Peter la trouve absolument merveilleuse.

Au moment de commander, il se souvient des conseils de la réceptionniste et demande des tortellini. Ils bavardent de choses et d’autres, s’esclaffant à tout propos. Il y avait des semaines que Peter ne s’était pas senti aussi détendu.

Il insiste pour payer l’addition, laisse un généreux pourboire et aide Becky à enfiler son manteau… Depuis quand n’en avait-il pas fait autant pour sa femme ?

— Qu’est-ce que tu comptes faire en attendant l’heure de ton vol ? lui demande Becky.

— Je n’en sais rien. Un peu de tourisme, peut-être.

Becky lève les yeux vers lui. Maintenant qu’ils ont déjeuné, évoqué le bon vieux temps et échangé des nouvelles de leurs relations communes, c’est ici que leurs voies devraient se séparer à nouveau. Mais…

— Je n’ai rien de spécial à faire cet après-midi, dit Becky sans détacher son regard du sien. Tu ne vois pas d’inconvénient à ce que je t’accompagne ?

Rien ne lui ferait davantage plaisir.

— Ce serait… parfait, achève-t-il, renonçant à se censurer.

Des étoiles dansent dans les yeux de Becky.

— Où veux-tu aller ? demande-t-elle en glissant son bras sous le sien.

— À toi de me guider, répond Peter en souriant. Après tout, tu es ici chez toi.

Ils vont voir ensemble tout ce que Peter avait dédaigné ce matin-là. Ils assistent à la relève de la garde, visitent des boutiques pittoresques (le genre d’endroits qu’il fuit ordinairement). Quelques heures plus tard, nous les retrouvons même en train de s’enthousiasmer devant les squelettes de la galerie des dinosaures du Musée national des sciences naturelles.

C’est si bon de se sentir vivre, songe Peter.

Le muséum s’élève sur un terrain planté de nombreux arbres. Quand ils en ressortent, à 17 heures passées, la nuit est déjà presque tombée. Si le vent a fraîchi, on ne voit pas un nuage dans le ciel. En déambulant dans les allées du parc, ils aperçoivent un banc au pied d’un bosquet d’érables dépouillés de leurs feuilles.

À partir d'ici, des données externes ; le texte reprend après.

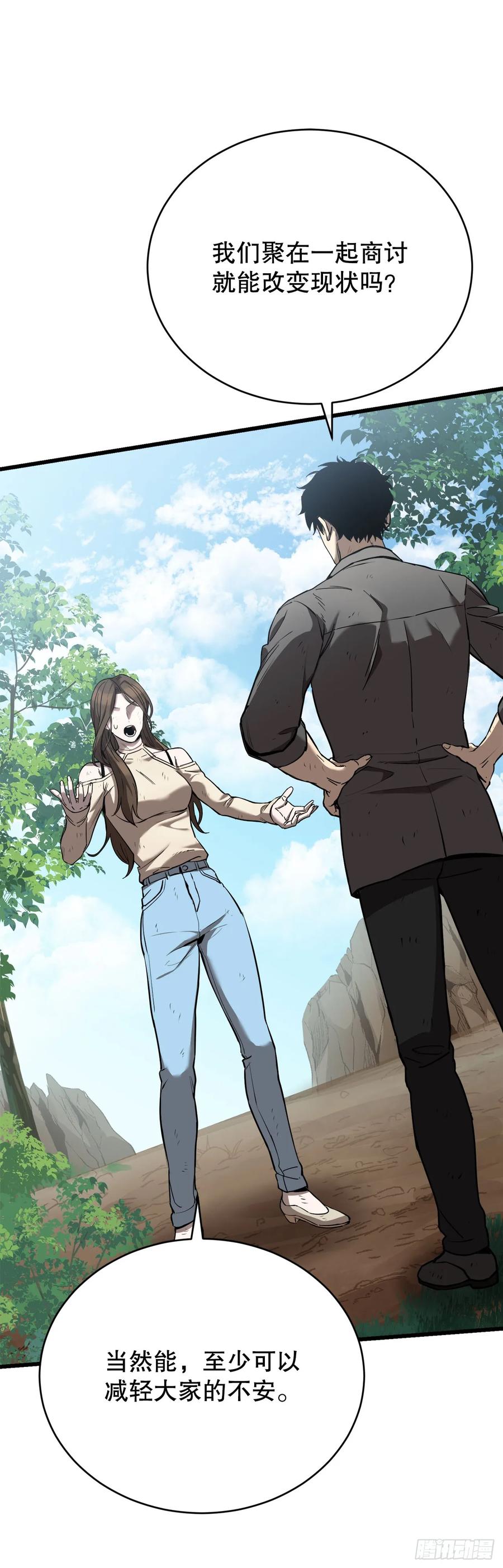 《我洗劫了魔神的仓库》4.贪婪权能 第14页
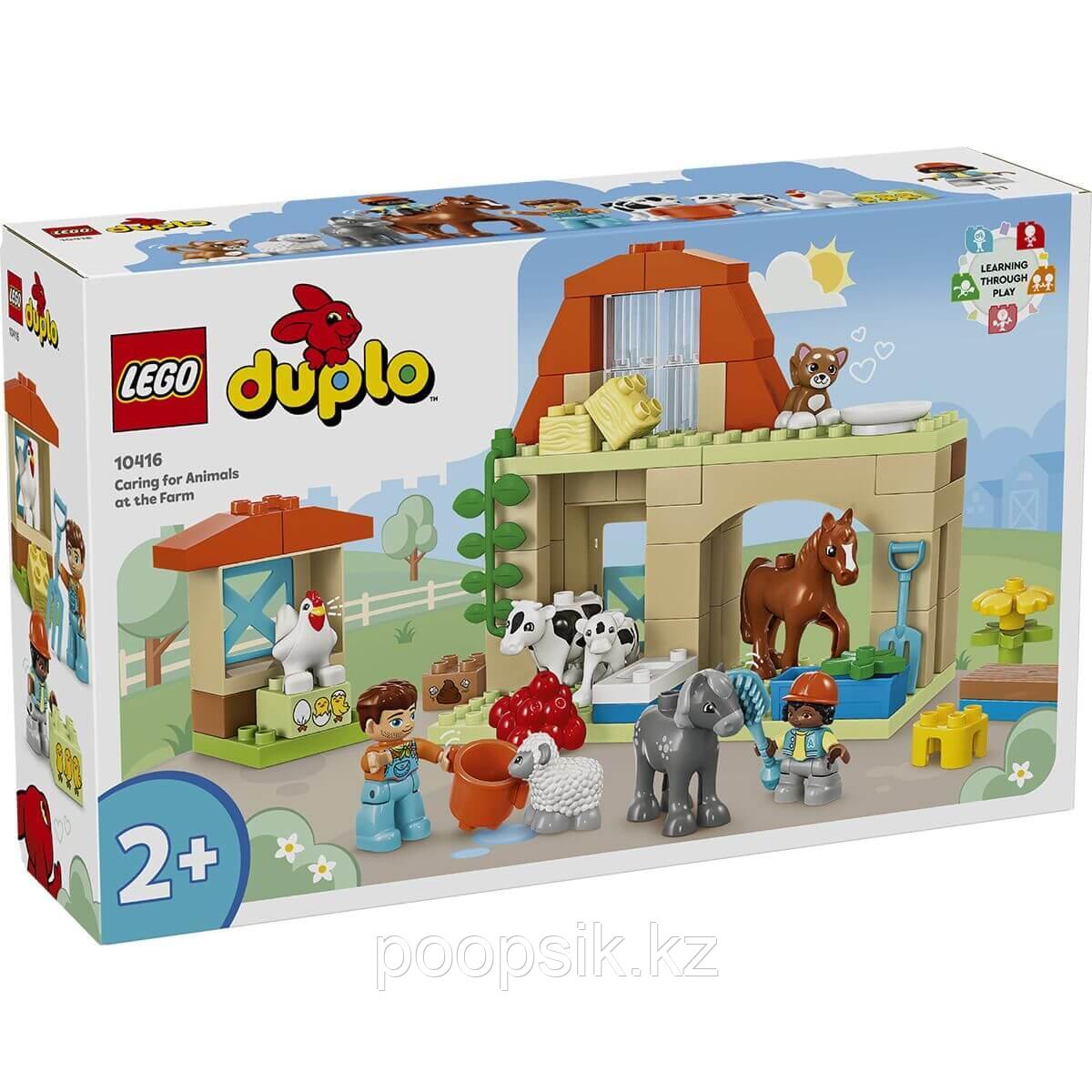 Lego Duplo Уход за животными на ферме 10416 - фото 2 - id-p116298319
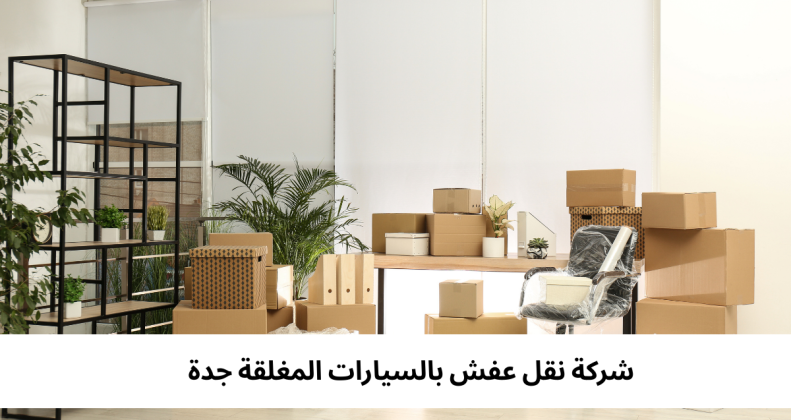 شركة نقل عفش بالسيارات المغلقة جدة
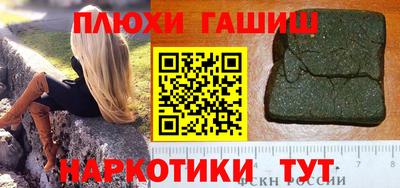 не бодяженный Бийск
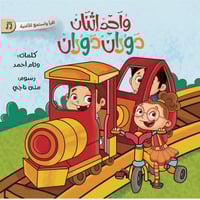 واحد اثنان دوران دوران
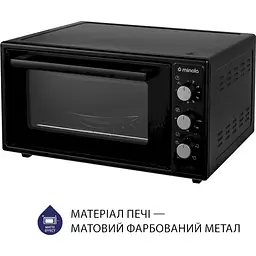 Електрична піч Minola Foev 4815 BL - мініатюра 6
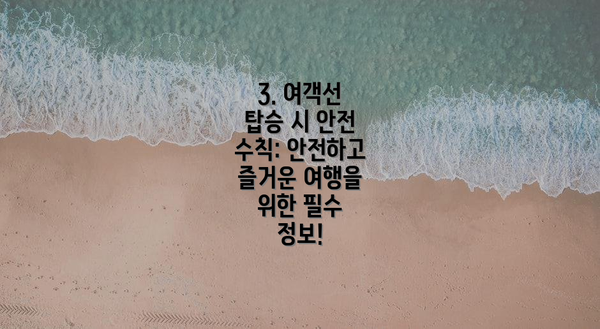 3. 여객선 탑승 시 안전 수칙: 안전하고 즐거운 여행을 위한 필수 정보!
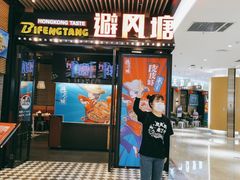 门面-避风塘(嘉兴八佰伴店)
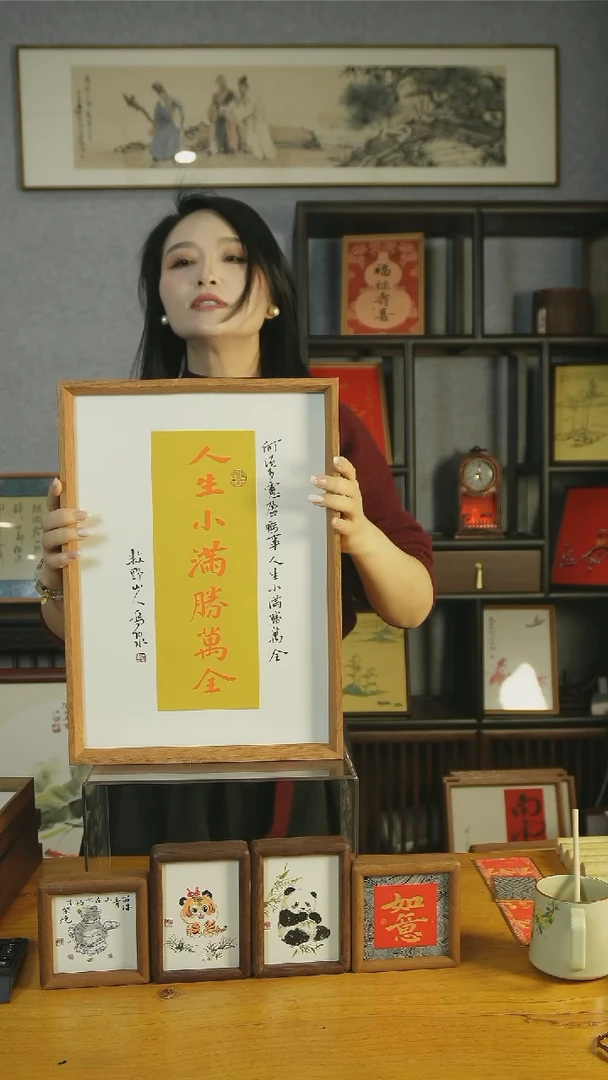 【闪购商品】书法【人生小满胜万全】45*32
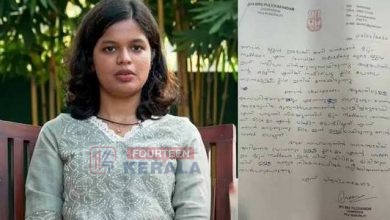 ദിയ പുളിക്കകണ്ടത്തിനെതിരായ അവിശ്വാസം പാസായി, പാലായിൽ യുഡിഎഫിന് ഭരണം നഷ്ടമായി 3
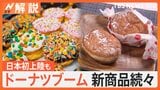 第5次 令和のドーナツブーム…ペコちゃんのドーナツや台湾ドーナツも、今年上陸!LA発 超人気ドーナツ【Nスタ解説】|TBS NEWS DIG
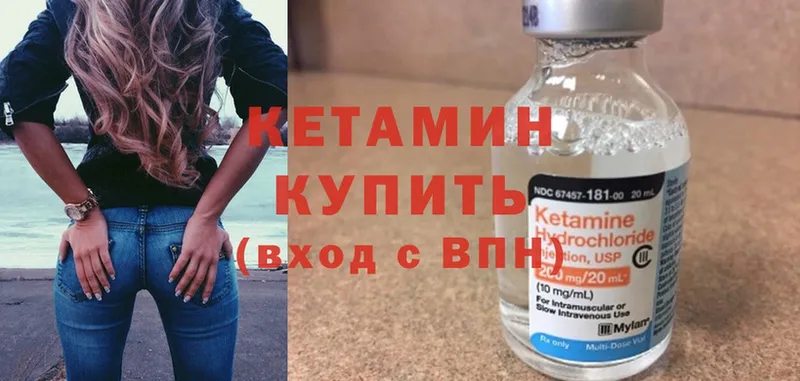 Кетамин ketamine  цена   Осташков 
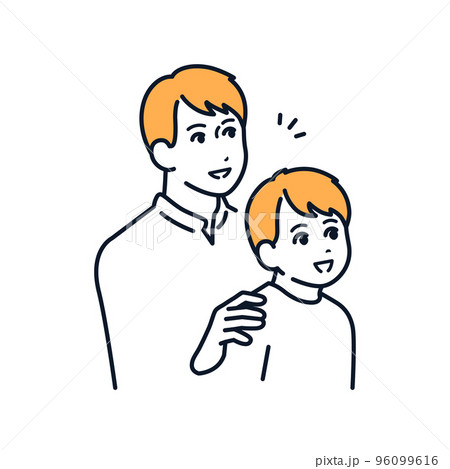 喜ぶ親子のシンプルなベクターイラスト素材 96099616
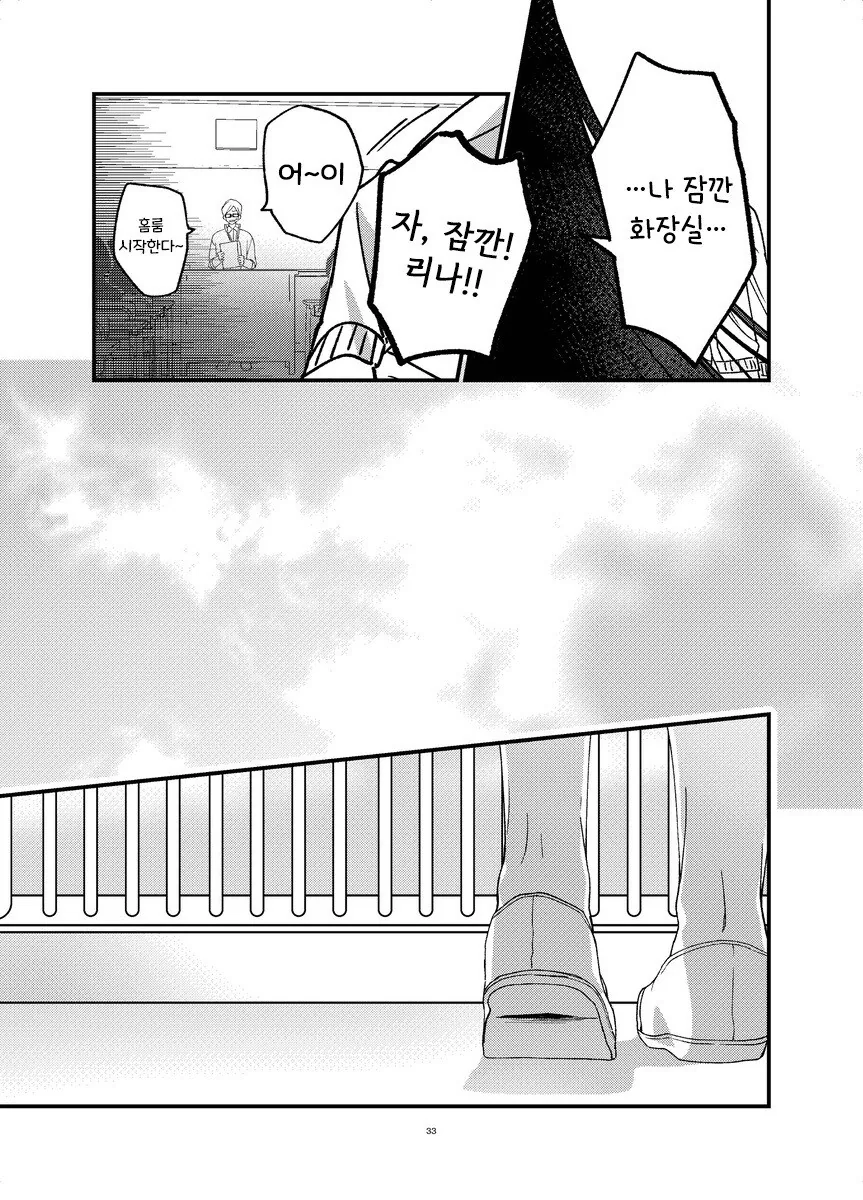 본심 만화 .manhwa - 이미지 33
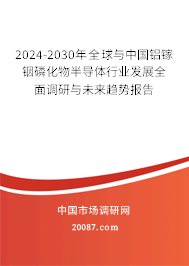 2024-2030年全球与中国铝镓铟磷化物半导体行业发展全面调研与未来趋势报告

— Je suis vanné, soupire Peter. Je me suis levé à 5 h 30 pour avoir mon avion.

— Allonge-toi, lui propose Becky en s’asseyant à l’extrémité du banc. Nous avons marché tout l’après-midi.

Le premier mouvement de Peter est de décliner son offre. Mais après tout, pourquoi pas ? Juste comme il est sur le point de s’étendre sur la partie libre du banc, Becky ajoute :

— Tu n’as qu’à poser ta tête sur mes genoux.

Cette fois, il n’hésite pas longtemps. Il se dégage d’elle une douce chaleur, tellement humaine. Son bras repose délicatement sur sa poitrine.

C’est si bon de se détendre… Il pourrait rester là des heures. C’est à peine s’il ressent le froid.

Le sourire de Becky n’exige rien, ne réclame rien… Un si merveilleux sourire.

Pour la première fois depuis le déjeuner, il pense à Cathy et à Hans.